Nel complesso, i dati delineano un’attività presente nella quotidianità di molti minori, con una forte componente online, un uso diversificato dei dispositivi e un modello di fruizione che coinvolge sia interazioni individuali sia sociali.
Il parere degli esperti
Antonio Affinita, direttore generale del MOIGE ha dichiarato che «Come genitori, auspichiamo più controlli, sanzioni più severe, ed una norma adesso inesistente che metta il divieto ai minori per videogiochi sopra i 18 anni» . Secondo il suo parere la necessità è quella di «rafforzare controlli e sanzioni, ma anche promuovere una responsabilità collettiva: famiglie, scuole, istituzioni e operatori economici devono collaborare per diffondere una cultura della legalità e della prevenzione».
Per Maria Teresa Bellucci, Vice ministro del Lavoro e delle politiche sociali «La tutela dei minori non è soltanto un dovere istituzionale, ma una missione che chiama tutti a raccolta per costruire un futuro a misura dei sogni dei più piccoli.
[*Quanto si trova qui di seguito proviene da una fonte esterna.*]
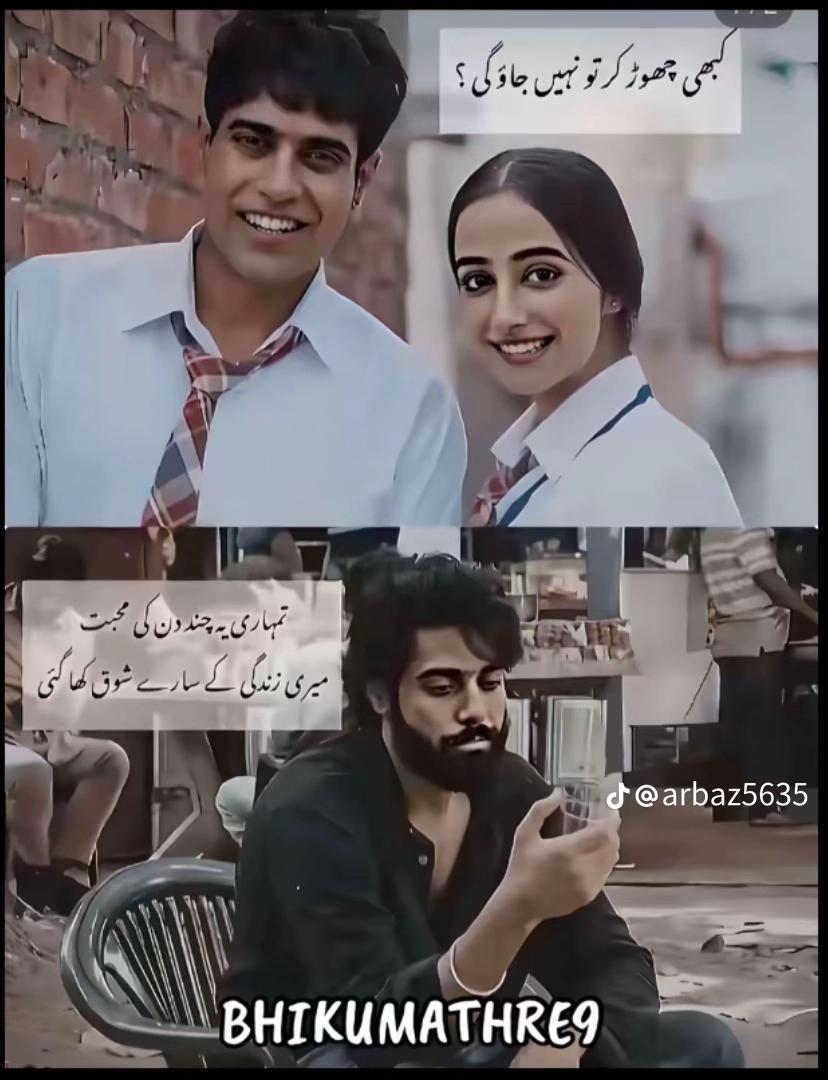 @AliHaider786🦁😎💫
Come Governo siamo impegnati nel promuovere una crescita sana e consapevole delle giovani generazioni, attraverso la prevenzione, l’inclusione, l’ascolto e il sostegno».
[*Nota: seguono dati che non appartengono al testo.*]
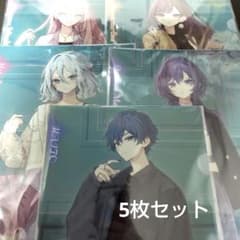 ZOZOTOWN プロセカ 東雲絵名 宵崎奏 朝比奈まふゆ 暁山瑞希 ファイル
Marianna Madia, Commissione parlamentare per l’infanzia e l’adolescenza afferma che «È fondamentale non ignorare il crescente disagio giovanile, che può avere conseguenze serie sulla salute fisica e mentale. Oggi ragazze e ragazzi affrontano pressioni e difficoltà che, se trascurate, possono generare conseguenze significative sulla loro salute fisica e mentale. È nostro dovere ascoltare, riconoscere e intervenire tempestivamente, affinché nessun giovane si senta solo o privo di sostegno».
Massimiliano Pucci, Presidente AS.TRO - Confindustria SIT è del parere che «Il divieto di gioco ai minori di 18 anni è un punto di partenza necessario, ma non sufficiente a garantire una reale protezione dei minori, così come accade in tutti i settori che trattano prodotti sensibili».
In generale sono tutti concordi sul fatto che siano necessari più controlli, ma anche più informazione e senso di responsabilità. Occorre, però, fare in modo che alle parole seguano i fatti per contrastare il fenomeno.